I just had the leftovers for lunch and they were the most delicious, succulent, even unctuous (and I hate that word) chops. I will eat lamb any way at all and especially like chewy shoulder chops marinated and grilled, but these are braised to gooey perfection with a savory sauce. I made them last night as a variation on a recipe I saw on Lidia Bastianichs TV show. Truth be told, I got to eat the leftovers because my daughter recently decided she wont eat a little lambie or bunny, both of which I love. She has no trouble devouring cute chickens, cows, squid, or pigs, though. Oh well, this too shall pass.

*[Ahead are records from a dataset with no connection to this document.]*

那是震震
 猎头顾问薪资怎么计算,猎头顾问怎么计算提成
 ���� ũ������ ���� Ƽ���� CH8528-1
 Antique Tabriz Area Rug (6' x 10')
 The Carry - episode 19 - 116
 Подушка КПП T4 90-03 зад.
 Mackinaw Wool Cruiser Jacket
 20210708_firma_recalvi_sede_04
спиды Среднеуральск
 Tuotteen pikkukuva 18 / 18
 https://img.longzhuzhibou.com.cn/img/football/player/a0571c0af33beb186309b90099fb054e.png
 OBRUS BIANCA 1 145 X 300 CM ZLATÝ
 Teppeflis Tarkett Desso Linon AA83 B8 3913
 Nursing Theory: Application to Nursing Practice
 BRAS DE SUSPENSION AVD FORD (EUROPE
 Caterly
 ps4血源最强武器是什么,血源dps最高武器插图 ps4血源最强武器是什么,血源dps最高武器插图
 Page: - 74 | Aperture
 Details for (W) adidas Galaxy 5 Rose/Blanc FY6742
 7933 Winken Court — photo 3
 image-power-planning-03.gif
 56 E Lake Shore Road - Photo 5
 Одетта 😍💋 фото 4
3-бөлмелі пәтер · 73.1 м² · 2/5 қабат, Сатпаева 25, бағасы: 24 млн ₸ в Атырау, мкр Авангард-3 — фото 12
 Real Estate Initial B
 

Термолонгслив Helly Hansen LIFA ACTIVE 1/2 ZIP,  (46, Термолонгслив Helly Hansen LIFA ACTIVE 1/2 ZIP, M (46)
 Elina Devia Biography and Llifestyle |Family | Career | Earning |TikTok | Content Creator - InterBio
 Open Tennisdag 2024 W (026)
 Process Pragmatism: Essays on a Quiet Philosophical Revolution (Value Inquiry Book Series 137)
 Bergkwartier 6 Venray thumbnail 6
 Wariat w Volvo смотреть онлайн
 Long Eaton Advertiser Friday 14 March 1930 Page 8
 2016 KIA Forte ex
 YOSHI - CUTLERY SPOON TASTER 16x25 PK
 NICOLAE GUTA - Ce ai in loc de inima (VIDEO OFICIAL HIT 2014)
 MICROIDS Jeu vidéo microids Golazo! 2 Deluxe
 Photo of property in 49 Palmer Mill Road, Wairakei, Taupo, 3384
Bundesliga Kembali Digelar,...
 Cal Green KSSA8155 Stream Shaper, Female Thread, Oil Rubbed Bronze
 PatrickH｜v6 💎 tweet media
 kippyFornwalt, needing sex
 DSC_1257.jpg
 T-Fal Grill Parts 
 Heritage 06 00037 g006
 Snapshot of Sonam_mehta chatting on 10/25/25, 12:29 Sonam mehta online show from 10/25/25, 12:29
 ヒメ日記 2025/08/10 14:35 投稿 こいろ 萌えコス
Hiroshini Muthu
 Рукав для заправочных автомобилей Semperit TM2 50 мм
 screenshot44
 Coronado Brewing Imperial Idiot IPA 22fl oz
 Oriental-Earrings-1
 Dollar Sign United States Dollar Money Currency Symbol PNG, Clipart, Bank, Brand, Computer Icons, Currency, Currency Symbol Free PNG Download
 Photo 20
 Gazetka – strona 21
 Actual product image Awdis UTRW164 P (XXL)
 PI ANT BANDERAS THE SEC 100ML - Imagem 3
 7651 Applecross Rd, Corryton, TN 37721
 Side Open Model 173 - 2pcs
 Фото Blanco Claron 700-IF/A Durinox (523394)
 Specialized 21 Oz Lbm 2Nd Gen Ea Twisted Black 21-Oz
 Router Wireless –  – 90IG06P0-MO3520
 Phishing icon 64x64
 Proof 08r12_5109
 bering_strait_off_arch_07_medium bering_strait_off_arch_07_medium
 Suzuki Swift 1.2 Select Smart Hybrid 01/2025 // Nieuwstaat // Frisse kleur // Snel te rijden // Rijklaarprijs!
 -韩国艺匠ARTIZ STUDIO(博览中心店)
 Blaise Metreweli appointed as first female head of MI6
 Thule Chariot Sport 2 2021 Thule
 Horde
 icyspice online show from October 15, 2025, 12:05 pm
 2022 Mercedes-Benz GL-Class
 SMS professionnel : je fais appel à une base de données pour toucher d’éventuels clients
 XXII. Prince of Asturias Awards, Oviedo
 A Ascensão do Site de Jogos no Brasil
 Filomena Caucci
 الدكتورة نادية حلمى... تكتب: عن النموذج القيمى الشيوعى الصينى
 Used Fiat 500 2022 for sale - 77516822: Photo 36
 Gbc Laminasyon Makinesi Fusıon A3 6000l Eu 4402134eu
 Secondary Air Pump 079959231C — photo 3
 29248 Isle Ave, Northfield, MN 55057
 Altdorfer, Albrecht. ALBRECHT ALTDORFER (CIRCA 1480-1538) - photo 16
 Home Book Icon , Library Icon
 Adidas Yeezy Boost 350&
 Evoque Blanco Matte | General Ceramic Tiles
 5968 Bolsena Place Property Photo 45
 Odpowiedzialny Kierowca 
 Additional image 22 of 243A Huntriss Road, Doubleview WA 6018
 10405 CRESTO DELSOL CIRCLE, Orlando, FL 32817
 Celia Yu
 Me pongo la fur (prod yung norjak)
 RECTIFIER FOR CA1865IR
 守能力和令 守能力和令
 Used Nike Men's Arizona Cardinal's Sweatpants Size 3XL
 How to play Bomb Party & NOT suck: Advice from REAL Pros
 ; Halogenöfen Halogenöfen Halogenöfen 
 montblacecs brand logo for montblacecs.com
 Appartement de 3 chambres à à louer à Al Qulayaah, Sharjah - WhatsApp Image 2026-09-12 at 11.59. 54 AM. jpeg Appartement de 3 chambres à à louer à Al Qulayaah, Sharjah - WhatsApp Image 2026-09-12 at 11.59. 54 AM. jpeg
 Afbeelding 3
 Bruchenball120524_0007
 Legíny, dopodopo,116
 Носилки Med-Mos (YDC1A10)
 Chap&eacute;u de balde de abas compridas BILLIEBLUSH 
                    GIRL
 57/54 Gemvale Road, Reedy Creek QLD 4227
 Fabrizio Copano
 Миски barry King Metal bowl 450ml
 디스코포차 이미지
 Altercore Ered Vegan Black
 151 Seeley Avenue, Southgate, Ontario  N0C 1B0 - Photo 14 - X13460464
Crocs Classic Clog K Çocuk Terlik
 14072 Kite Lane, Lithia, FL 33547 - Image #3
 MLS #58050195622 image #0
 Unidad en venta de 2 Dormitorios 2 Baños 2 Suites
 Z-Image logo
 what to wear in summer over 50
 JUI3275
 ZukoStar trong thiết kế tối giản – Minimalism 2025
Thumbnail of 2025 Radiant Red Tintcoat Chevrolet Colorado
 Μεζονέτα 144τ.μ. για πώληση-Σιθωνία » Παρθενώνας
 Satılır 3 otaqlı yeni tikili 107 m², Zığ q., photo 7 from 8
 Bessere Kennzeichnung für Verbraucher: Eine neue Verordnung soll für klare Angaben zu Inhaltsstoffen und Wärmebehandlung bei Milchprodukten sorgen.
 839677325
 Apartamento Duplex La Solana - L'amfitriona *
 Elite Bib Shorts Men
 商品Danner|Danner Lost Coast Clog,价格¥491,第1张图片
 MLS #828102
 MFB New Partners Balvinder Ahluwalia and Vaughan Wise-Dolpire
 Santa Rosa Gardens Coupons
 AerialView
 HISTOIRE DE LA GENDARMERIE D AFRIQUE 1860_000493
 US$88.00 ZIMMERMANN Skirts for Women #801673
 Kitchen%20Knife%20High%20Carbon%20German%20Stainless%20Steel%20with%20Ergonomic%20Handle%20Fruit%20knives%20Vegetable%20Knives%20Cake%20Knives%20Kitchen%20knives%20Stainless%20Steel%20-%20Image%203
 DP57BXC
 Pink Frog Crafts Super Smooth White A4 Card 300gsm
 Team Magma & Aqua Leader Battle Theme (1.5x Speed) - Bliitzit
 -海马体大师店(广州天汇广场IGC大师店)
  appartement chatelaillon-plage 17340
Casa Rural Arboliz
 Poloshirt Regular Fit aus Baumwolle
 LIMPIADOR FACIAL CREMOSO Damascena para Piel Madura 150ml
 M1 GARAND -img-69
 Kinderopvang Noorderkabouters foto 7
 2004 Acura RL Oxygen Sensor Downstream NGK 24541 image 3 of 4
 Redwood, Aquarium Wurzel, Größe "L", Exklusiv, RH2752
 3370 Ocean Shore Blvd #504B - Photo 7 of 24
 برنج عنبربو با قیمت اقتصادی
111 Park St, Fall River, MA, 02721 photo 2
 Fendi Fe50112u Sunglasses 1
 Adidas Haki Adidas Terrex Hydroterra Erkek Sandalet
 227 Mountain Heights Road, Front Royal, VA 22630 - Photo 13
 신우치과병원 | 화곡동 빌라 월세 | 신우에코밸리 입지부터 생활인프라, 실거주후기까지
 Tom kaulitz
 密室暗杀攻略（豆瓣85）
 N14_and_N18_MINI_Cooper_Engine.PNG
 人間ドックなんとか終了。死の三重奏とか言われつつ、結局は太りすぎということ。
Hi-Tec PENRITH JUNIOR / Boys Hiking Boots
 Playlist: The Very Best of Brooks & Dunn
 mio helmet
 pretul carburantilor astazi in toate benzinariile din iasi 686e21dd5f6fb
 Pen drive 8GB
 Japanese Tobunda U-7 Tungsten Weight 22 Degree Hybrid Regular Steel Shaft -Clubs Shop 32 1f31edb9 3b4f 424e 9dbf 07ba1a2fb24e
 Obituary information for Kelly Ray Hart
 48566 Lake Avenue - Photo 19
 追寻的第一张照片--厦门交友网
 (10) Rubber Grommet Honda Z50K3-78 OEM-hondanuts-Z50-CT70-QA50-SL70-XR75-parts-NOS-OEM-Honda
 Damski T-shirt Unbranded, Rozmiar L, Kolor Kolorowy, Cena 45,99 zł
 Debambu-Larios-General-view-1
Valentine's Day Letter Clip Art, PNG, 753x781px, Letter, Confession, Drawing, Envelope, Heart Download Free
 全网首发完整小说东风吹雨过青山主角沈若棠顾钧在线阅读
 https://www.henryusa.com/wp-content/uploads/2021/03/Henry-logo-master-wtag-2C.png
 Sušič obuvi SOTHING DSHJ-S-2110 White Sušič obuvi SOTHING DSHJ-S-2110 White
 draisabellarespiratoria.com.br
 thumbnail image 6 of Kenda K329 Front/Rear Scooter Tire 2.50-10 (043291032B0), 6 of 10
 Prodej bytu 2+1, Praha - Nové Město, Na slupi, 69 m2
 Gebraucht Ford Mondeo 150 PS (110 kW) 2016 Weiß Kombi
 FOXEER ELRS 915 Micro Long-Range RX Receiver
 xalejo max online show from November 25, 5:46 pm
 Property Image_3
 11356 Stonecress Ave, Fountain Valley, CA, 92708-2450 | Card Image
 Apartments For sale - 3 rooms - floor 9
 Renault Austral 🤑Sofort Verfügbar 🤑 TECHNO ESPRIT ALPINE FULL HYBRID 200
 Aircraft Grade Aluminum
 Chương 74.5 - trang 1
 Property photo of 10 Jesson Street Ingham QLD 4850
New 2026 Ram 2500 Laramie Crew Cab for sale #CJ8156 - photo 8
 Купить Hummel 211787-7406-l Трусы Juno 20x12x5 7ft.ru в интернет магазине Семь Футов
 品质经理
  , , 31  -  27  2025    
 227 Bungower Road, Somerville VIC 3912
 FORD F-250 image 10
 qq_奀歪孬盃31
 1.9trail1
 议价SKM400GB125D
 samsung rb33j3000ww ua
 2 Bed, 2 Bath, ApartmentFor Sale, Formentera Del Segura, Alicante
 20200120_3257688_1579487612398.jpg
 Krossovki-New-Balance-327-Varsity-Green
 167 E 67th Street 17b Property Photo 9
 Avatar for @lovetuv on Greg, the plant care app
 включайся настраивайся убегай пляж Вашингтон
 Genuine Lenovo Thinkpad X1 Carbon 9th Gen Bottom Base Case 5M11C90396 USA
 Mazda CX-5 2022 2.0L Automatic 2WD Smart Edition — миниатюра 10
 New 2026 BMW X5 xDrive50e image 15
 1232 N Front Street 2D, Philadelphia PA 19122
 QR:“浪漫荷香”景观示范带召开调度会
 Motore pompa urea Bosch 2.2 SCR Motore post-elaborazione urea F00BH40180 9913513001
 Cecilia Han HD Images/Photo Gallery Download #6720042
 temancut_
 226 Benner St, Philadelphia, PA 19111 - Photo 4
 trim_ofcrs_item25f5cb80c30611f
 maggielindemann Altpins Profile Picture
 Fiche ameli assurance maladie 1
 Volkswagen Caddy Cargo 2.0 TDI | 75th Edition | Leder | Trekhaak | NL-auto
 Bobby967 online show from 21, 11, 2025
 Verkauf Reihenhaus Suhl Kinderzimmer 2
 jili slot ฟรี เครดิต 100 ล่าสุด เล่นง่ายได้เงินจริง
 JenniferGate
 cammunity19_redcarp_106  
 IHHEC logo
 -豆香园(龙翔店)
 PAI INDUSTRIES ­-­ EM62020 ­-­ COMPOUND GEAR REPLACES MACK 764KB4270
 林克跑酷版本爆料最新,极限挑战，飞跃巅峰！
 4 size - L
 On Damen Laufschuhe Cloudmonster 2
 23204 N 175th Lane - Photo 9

So for three (or four) Lamb Shoulder Chops:
Trim them, salt and pepper them, and dredge in flour.
Heat butter and olive oil in a large skillet and gently brown the chops on both sides. Add about 5 cloves sliced garlic, some red pepper flakes, and a couple of small anchovy fillets (or paste) and cook a few minutes. Add 1/4 cup red wine vinegar and cook down. Turn the chops.
Add a cup of two of broth (I used chicken). It shouldnt cover the chops but go up the sides a bit. Simmer, turning chops from time to time, for 10 or 15 minutes, until the sauce is thick. Adjust seasoning.
I sprinkled on parsley, but I think thyme would be even better, and served them with Marcella Hazans Gnocchi Alla Romana (my new staple and the ultimate make-ahead and bake at the last minute dish). They would also be good with mashed potatoes, polenta, anything to soak up the "lambie" sauce.